▶ Task to complete
Print each record that follows exactly, leaving the pictures behind.

◇ ◇ ◇ ◇

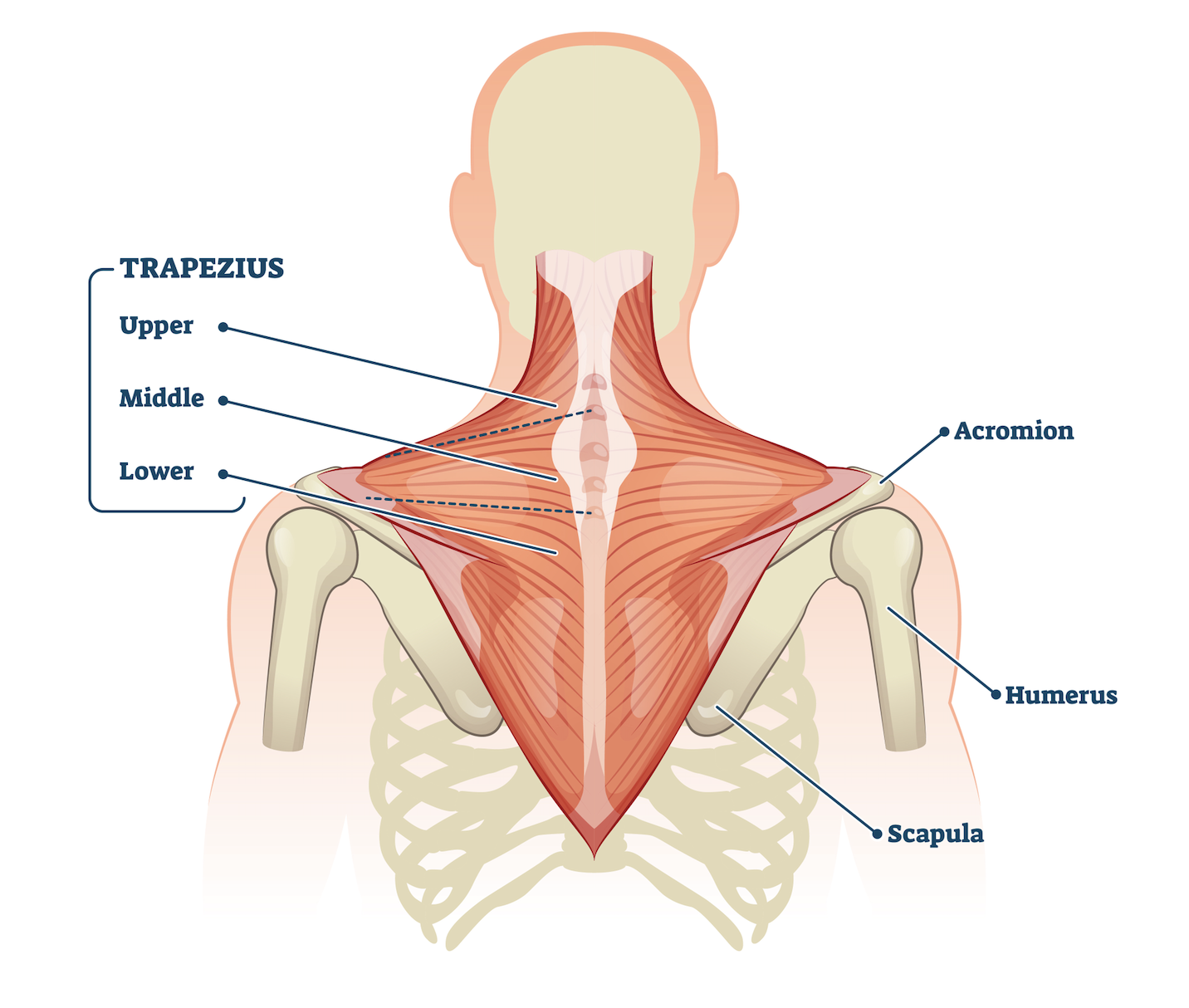 Trapezius back muscles anatomy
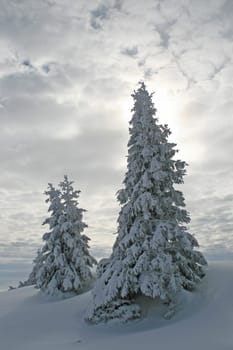 Snow in the Alps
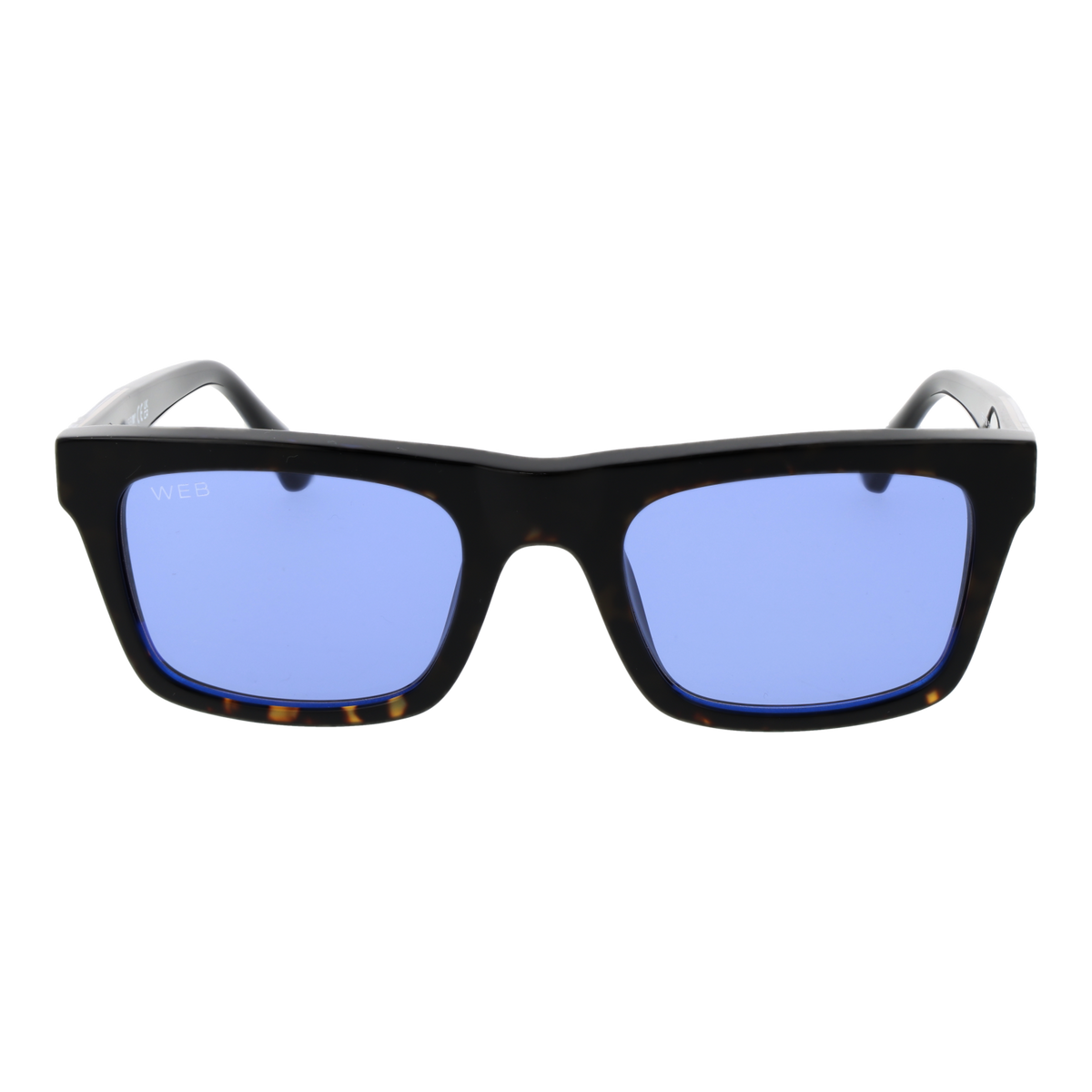 Brown/Blue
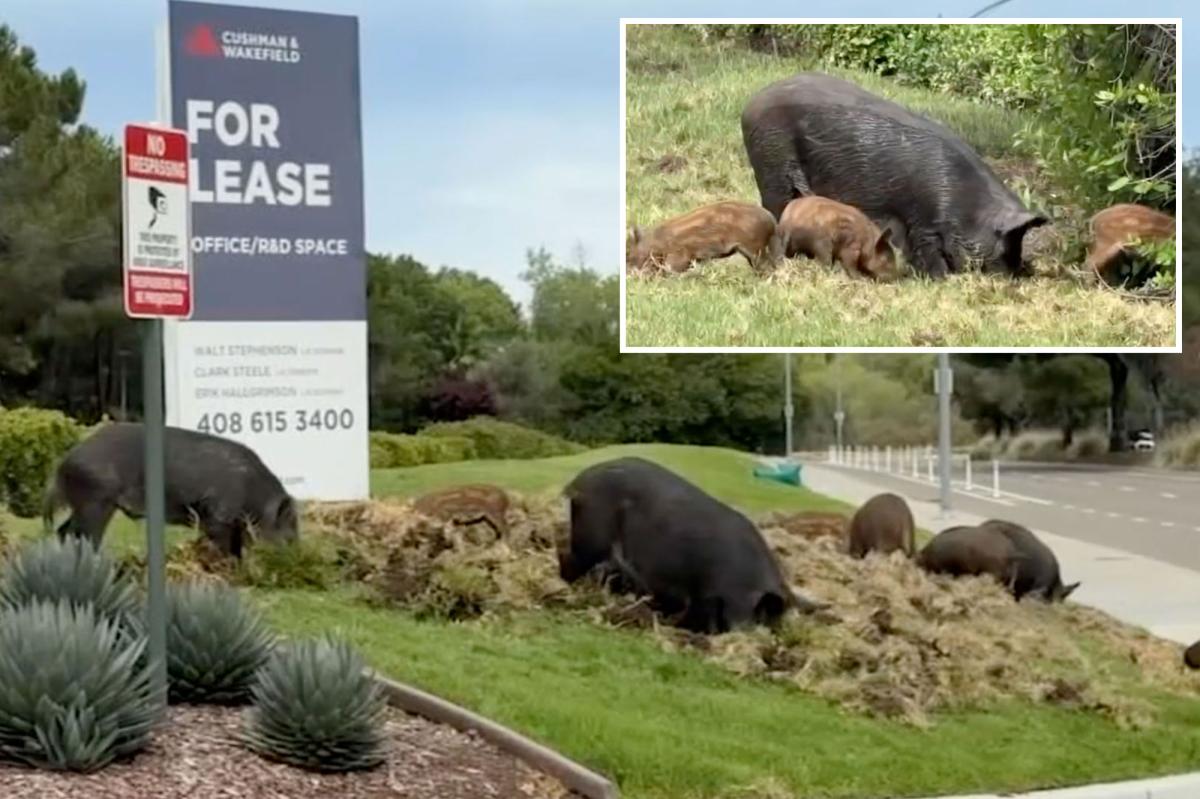 Wild pigs spark chaos across San Jose: 'Really did a number here'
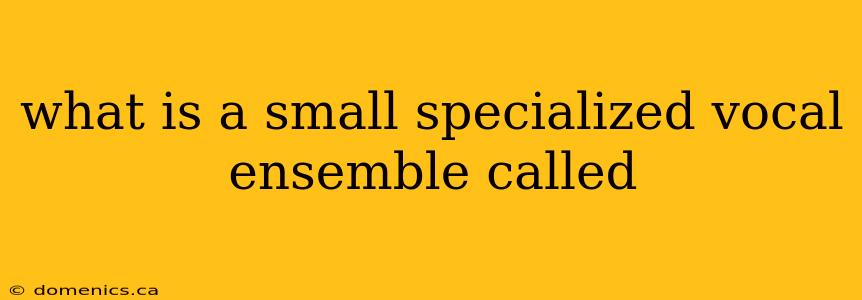 what is a small specialized vocal ensemble called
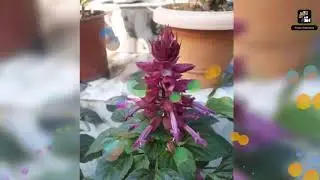 /Flowers collection Photos Slideshow - Opals Apps/Slideshow/Photoslideshow-060121-062104.mp4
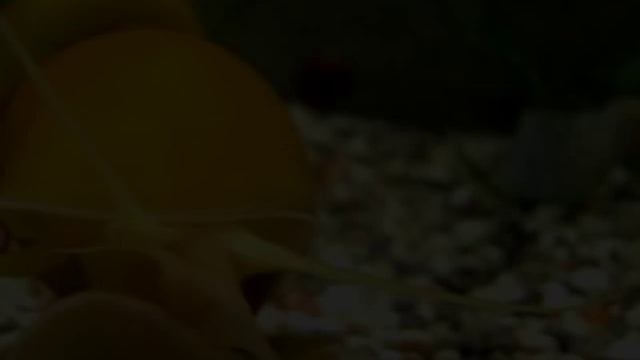 Ампулярия, размножение ампулярий в аквариуме смотреть онлайн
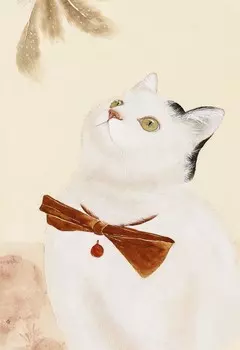 Блокнот Котик по кличке Миндаль 4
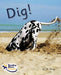 Dig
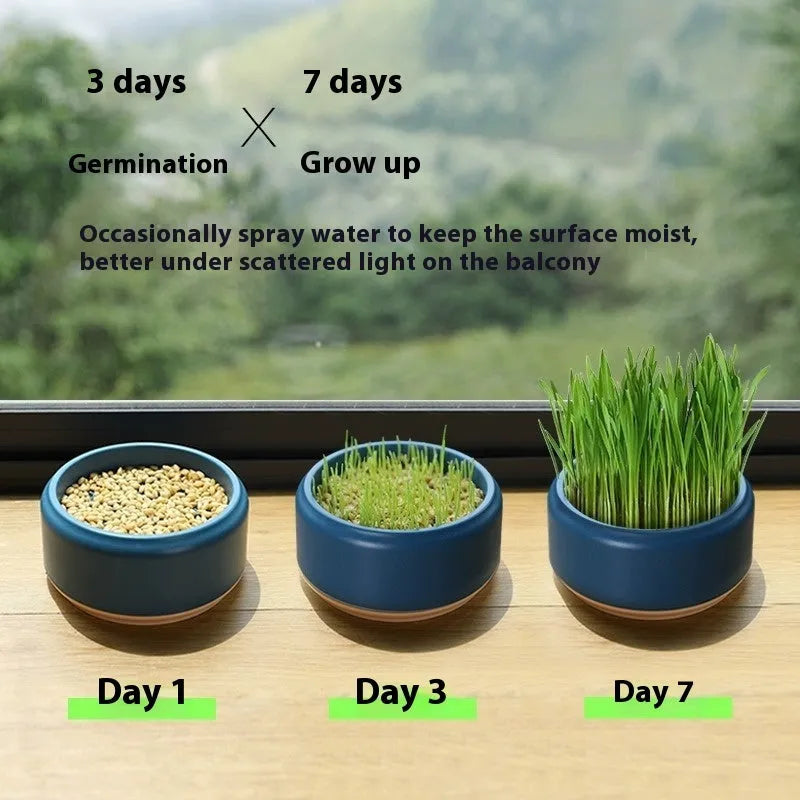 Hydroponic cat grass kit with coloured plastic cups and wheatgrass seeds for soilless indoor growing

◇ ◇ ◇ ◇

▶ Response to this exercise
 Trapezius back muscles anatomy
 Snow in the Alps
 Brown/Blue
 Wild pigs spark chaos across San Jose: 'Really did a number here'
 what is a small specialized vocal ensemble called
 /Flowers collection Photos Slideshow - Opals Apps/Slideshow/Photoslideshow-060121-062104.mp4
 Ампулярия, размножение ампулярий в аквариуме смотреть онлайн
 Блокнот Котик по кличке Миндаль 4
 Dig
 Hydroponic cat grass kit with coloured plastic cups and wheatgrass seeds for soilless indoor growing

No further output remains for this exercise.